Pandora Is Out of Tune with Songwriters - tjr
http://techcrunch.com/2015/06/12/pandora-hits-a-sour-note/

======
robotcookies
Author is conveniently neglecting to mention how much Pandora typically pays
out for 1 million plays. Just because the songwriter gets only $90 does not
mean that is all Pandora pays out.

If I recall with the last musician who made a similar complaint about a
million plays, Pandora actually paid out in total royalties of around $1,400
for a million plays. That means most of the money is going to recording
companies (if the songwriter only gets $90 out of $1400).

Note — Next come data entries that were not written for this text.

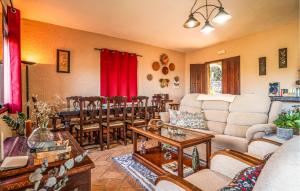エル・ガストルにある2 Bedroom Beautiful Home In El Gastorのソファとテーブルのあるリビングルーム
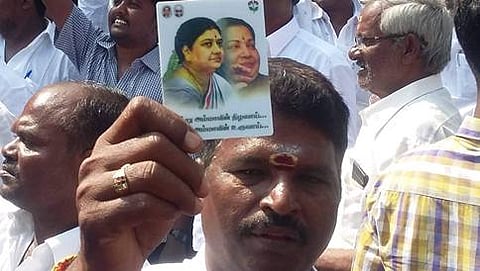 ಪೋಯಸ್ ಗಾರ್ಡನ್ ನಿವಾಸದ ಬಳಿ ಎಐಎಡಿಎಂಕೆ ಕಾರ್ಯಕರ್ತರೊಬ್ಬರು ಶಶಿಕಲಾ ಅವರ ಫೋಟೋ ಪ್ರದರ್ಶಿಸಿದ್ದು ಹೀಗೆ.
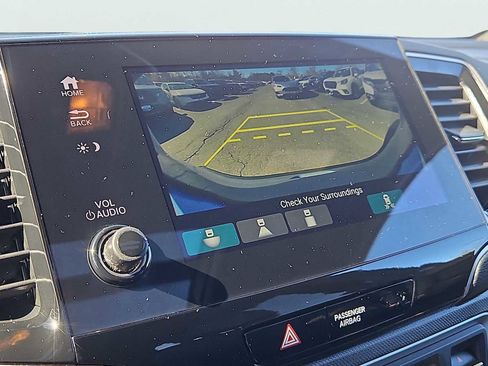 Certified 2024 Honda Passport TrailSport image 16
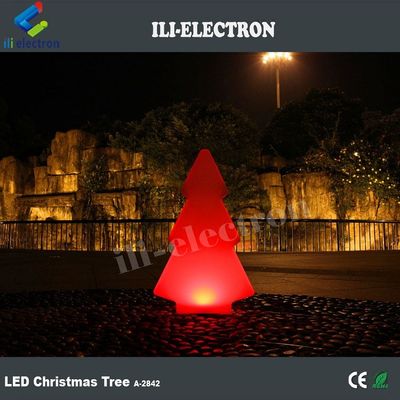 プラスチック製のクリスマスツリー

Now if I were a songwriter, two possible approaches to increase my payout
would be either... 1.fight for Pandora to double what they pay out and get
$180 or 2. I could fight to get say 50% of what Pandora already pays out and
get $700. Pandora would also go out of business in the first scenario as they
already pay over half of their revenue to royalties. Second scenario sounds a
lot better to me. It's also more sustainable as a bankrupt company doesn't pay
out anything.

So why don't these songwriters do what would net them far more money?

------
NathanCH
I'm actually a bit surprised Pandora is still doing well considering the rise
of streaming services like rdio which implemented pandora-like features years
ago. And they've implemented them better, I'd argue.